▶ **Required action**: Every line of the data below should be retyped exactly.

▶ **Short text fragments from websites**:
⁂
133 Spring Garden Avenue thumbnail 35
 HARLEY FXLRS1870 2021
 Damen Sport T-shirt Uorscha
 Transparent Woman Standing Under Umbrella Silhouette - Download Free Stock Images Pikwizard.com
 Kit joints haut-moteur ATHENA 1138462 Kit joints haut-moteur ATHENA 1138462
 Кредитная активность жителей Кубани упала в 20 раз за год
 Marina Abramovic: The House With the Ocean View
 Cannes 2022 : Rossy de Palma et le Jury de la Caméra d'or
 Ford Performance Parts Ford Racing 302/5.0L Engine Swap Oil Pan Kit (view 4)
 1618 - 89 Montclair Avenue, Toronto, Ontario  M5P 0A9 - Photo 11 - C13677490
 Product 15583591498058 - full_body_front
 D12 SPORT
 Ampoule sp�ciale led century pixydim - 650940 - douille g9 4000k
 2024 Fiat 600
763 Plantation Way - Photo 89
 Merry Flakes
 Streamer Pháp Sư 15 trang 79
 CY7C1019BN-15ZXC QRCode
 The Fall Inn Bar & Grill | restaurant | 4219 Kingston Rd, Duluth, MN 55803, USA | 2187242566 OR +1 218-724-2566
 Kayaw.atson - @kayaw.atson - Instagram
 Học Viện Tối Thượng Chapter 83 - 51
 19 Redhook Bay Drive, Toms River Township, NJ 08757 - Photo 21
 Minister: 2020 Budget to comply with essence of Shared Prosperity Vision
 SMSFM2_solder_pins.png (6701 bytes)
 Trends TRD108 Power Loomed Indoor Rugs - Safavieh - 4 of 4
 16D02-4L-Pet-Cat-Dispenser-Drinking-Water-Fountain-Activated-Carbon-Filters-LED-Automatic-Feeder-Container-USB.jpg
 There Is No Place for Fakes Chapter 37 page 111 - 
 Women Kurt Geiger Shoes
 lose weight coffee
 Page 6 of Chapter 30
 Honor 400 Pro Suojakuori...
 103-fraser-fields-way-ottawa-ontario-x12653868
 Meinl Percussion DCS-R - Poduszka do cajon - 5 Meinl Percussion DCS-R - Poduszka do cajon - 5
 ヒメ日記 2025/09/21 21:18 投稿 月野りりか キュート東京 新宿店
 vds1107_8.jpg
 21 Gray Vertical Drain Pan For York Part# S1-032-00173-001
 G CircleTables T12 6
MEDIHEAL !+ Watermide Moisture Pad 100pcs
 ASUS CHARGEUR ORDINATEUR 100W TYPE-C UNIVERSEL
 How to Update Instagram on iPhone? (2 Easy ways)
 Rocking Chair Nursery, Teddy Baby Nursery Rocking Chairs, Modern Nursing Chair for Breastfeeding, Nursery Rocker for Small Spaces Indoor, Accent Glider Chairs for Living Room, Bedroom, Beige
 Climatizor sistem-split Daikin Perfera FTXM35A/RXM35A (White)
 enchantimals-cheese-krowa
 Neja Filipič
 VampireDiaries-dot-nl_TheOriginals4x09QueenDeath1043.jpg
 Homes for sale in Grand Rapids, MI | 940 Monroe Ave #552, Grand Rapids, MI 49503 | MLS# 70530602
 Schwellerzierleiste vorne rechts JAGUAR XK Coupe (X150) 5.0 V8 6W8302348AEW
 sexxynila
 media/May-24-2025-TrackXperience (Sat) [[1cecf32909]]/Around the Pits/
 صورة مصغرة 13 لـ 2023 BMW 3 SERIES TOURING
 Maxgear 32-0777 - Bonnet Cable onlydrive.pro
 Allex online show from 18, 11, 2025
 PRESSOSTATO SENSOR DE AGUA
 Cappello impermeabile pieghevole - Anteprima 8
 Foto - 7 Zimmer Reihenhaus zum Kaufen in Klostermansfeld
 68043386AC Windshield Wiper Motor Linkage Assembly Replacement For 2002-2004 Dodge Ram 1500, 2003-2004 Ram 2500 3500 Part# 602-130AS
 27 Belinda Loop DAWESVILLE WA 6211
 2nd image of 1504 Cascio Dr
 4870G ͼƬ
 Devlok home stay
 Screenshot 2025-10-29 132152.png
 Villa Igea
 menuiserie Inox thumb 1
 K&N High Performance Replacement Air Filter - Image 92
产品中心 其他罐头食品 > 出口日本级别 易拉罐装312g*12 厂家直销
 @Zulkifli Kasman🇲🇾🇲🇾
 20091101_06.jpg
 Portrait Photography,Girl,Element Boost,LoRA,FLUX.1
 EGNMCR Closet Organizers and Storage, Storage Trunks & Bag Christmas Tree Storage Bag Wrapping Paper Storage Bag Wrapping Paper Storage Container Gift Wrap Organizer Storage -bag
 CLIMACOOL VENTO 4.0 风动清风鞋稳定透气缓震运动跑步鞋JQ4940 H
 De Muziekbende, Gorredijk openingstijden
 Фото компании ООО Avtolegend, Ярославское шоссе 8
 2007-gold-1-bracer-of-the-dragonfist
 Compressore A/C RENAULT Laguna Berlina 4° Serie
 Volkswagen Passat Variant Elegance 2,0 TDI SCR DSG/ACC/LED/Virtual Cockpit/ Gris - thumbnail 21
⁂
▶ **Output below**:
133 Spring Garden Avenue thumbnail 35
 HARLEY FXLRS1870 2021
 Damen Sport T-shirt Uorscha
 Transparent Woman Standing Under Umbrella Silhouette - Download Free Stock Images Pikwizard.com
 Kit joints haut-moteur ATHENA 1138462 Kit joints haut-moteur ATHENA 1138462
 Кредитная активность жителей Кубани упала в 20 раз за год
 Marina Abramovic: The House With the Ocean View
 Cannes 2022 : Rossy de Palma et le Jury de la Caméra d'or
 Ford Performance Parts Ford Racing 302/5.0L Engine Swap Oil Pan Kit (view 4)
 1618 - 89 Montclair Avenue, Toronto, Ontario  M5P 0A9 - Photo 11 - C13677490
 Product 15583591498058 - full_body_front
 D12 SPORT
 Ampoule sp�ciale led century pixydim - 650940 - douille g9 4000k
 2024 Fiat 600
763 Plantation Way - Photo 89
 Merry Flakes
 Streamer Pháp Sư 15 trang 79
 CY7C1019BN-15ZXC QRCode
 The Fall Inn Bar & Grill | restaurant | 4219 Kingston Rd, Duluth, MN 55803, USA | 2187242566 OR +1 218-724-2566
 Kayaw.atson - @kayaw.atson - Instagram
 Học Viện Tối Thượng Chapter 83 - 51
 19 Redhook Bay Drive, Toms River Township, NJ 08757 - Photo 21
 Minister: 2020 Budget to comply with essence of Shared Prosperity Vision
 SMSFM2_solder_pins.png (6701 bytes)
 Trends TRD108 Power Loomed Indoor Rugs - Safavieh - 4 of 4
 16D02-4L-Pet-Cat-Dispenser-Drinking-Water-Fountain-Activated-Carbon-Filters-LED-Automatic-Feeder-Container-USB.jpg
 There Is No Place for Fakes Chapter 37 page 111 - 
 Women Kurt Geiger Shoes
 lose weight coffee
 Page 6 of Chapter 30
 Honor 400 Pro Suojakuori...
 103-fraser-fields-way-ottawa-ontario-x12653868
 Meinl Percussion DCS-R - Poduszka do cajon - 5 Meinl Percussion DCS-R - Poduszka do cajon - 5
 ヒメ日記 2025/09/21 21:18 投稿 月野りりか キュート東京 新宿店
 vds1107_8.jpg
 21 Gray Vertical Drain Pan For York Part# S1-032-00173-001
 G CircleTables T12 6
MEDIHEAL !+ Watermide Moisture Pad 100pcs
 ASUS CHARGEUR ORDINATEUR 100W TYPE-C UNIVERSEL
 How to Update Instagram on iPhone? (2 Easy ways)
 Rocking Chair Nursery, Teddy Baby Nursery Rocking Chairs, Modern Nursing Chair for Breastfeeding, Nursery Rocker for Small Spaces Indoor, Accent Glider Chairs for Living Room, Bedroom, Beige
 Climatizor sistem-split Daikin Perfera FTXM35A/RXM35A (White)
 enchantimals-cheese-krowa
 Neja Filipič
 VampireDiaries-dot-nl_TheOriginals4x09QueenDeath1043.jpg
 Homes for sale in Grand Rapids, MI | 940 Monroe Ave #552, Grand Rapids, MI 49503 | MLS# 70530602
 Schwellerzierleiste vorne rechts JAGUAR XK Coupe (X150) 5.0 V8 6W8302348AEW
 sexxynila
 media/May-24-2025-TrackXperience (Sat) [[1cecf32909]]/Around the Pits/
 صورة مصغرة 13 لـ 2023 BMW 3 SERIES TOURING
 Maxgear 32-0777 - Bonnet Cable onlydrive.pro
 Allex online show from 18, 11, 2025
 PRESSOSTATO SENSOR DE AGUA
 Cappello impermeabile pieghevole - Anteprima 8
 Foto - 7 Zimmer Reihenhaus zum Kaufen in Klostermansfeld
 68043386AC Windshield Wiper Motor Linkage Assembly Replacement For 2002-2004 Dodge Ram 1500, 2003-2004 Ram 2500 3500 Part# 602-130AS
 27 Belinda Loop DAWESVILLE WA 6211
 2nd image of 1504 Cascio Dr
 4870G ͼƬ
 Devlok home stay
 Screenshot 2025-10-29 132152.png
 Villa Igea
 menuiserie Inox thumb 1
 K&N High Performance Replacement Air Filter - Image 92
产品中心 其他罐头食品 > 出口日本级别 易拉罐装312g*12 厂家直销
 @Zulkifli Kasman🇲🇾🇲🇾
 20091101_06.jpg
 Portrait Photography,Girl,Element Boost,LoRA,FLUX.1
 EGNMCR Closet Organizers and Storage, Storage Trunks & Bag Christmas Tree Storage Bag Wrapping Paper Storage Bag Wrapping Paper Storage Container Gift Wrap Organizer Storage -bag
 CLIMACOOL VENTO 4.0 风动清风鞋稳定透气缓震运动跑步鞋JQ4940 H
 De Muziekbende, Gorredijk openingstijden
 Фото компании ООО Avtolegend, Ярославское шоссе 8
 2007-gold-1-bracer-of-the-dragonfist
 Compressore A/C RENAULT Laguna Berlina 4° Serie
 Volkswagen Passat Variant Elegance 2,0 TDI SCR DSG/ACC/LED/Virtual Cockpit/ Gris - thumbnail 21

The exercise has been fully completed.